The drawing attention not the short.) Blessed with legs that were long and shapely even in my heavier days, I could make most anything look short. For that and many other reasons, it wasn't until after college that I bought my first real miniskirt. My first minidress didn't enter my closet until sometime in the middle of my tenure in New York. But even after buying them, they stayed hidden away. Not because I had forgotten them but because I feared them.
I know that sounds melodramatic. Why would I ever fear a piece of clothing? Much less something that took up so little space. But I did. For whatever silly, timid, little girl reason, I did. When they did depart my closet, I would spend most of the evening fidgeting. Pulling at the hem. Standing in corners. Avoiding glances.
When I stop and think about it, my issue with The Short can be traced to my past discomfort with The Sexy.
Or at least the overtly so. In the past, sexy meant many things to me, and none of them were particularly good. Smart. Pretty. Funny. These were all positive adjectives in my world. Not necessarily words that I always associated with myself but words I understood.
Things changed quickly in the summer of 2008 when, spurred on by
my internship, I decided that I needed to learn how to wear them. I had been slowly ridding my closet of things I never planned on wearing again. Things that were too small or too large or simply not me anymore. But as the skirts few outings into the greater world had less to do with them and more to do with
my various neuroses, they did not find their way into the discard pile. I was set on making them a part of my life. That September I wore
a blue and white patterned mini to
a fashion show with sweet mary janes, a black tank and
The Cardigan. In some ways, that was the beginning of the end.
That Halloween,
while lazily dressed as a devil, I paired my black minidress with red tights.
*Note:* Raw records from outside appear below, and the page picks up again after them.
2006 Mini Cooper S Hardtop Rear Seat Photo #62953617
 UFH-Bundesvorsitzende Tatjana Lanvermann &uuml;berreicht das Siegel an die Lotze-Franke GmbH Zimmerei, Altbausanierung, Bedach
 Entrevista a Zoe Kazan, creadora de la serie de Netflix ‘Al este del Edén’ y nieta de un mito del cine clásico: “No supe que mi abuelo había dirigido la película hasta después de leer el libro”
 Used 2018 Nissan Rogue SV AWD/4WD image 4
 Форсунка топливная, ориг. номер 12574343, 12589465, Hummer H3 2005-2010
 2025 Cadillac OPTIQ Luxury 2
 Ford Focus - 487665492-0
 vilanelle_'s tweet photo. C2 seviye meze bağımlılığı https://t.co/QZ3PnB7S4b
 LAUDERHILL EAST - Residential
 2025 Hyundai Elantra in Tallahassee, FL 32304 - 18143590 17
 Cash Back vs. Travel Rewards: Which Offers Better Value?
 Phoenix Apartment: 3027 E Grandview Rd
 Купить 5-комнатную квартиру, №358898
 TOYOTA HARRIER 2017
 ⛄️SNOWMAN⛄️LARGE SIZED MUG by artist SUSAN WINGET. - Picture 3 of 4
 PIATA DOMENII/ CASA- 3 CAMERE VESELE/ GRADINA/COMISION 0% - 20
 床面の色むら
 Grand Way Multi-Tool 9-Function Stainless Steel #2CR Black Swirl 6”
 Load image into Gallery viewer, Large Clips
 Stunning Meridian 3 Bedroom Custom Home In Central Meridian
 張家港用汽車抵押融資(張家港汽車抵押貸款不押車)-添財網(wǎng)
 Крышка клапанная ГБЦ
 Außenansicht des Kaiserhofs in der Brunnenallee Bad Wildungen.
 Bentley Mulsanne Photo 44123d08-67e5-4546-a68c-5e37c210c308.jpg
When February arrived,
I ran through the East Village in the patterned skirt and mary janes paired with a white sweater, gray tights and a black, cotton motorcycle jacket. As that Fashion Week progressed, two minidresses joined the fray complemented by black leggings and my equestrian style boots.
Moving home and feeling particularly feisty when it came to dressing, the skirt collection increased threefold. A-line. Corduroy. Military Green. Plaid. Tights in every color from green to black to pink to silver were found on my legs. Ballet flats and equestrian boots and
heeled oxfords and
wedges sat on my feet. Before New Year's Eve, I pranced around the house in the black minidress I had purchased for that evening. I stopped pulling and tugging and playing around.
The answer, in the end, was to find a way to make them all mine somehow.
Be that preppy or girly or boyish or sexy.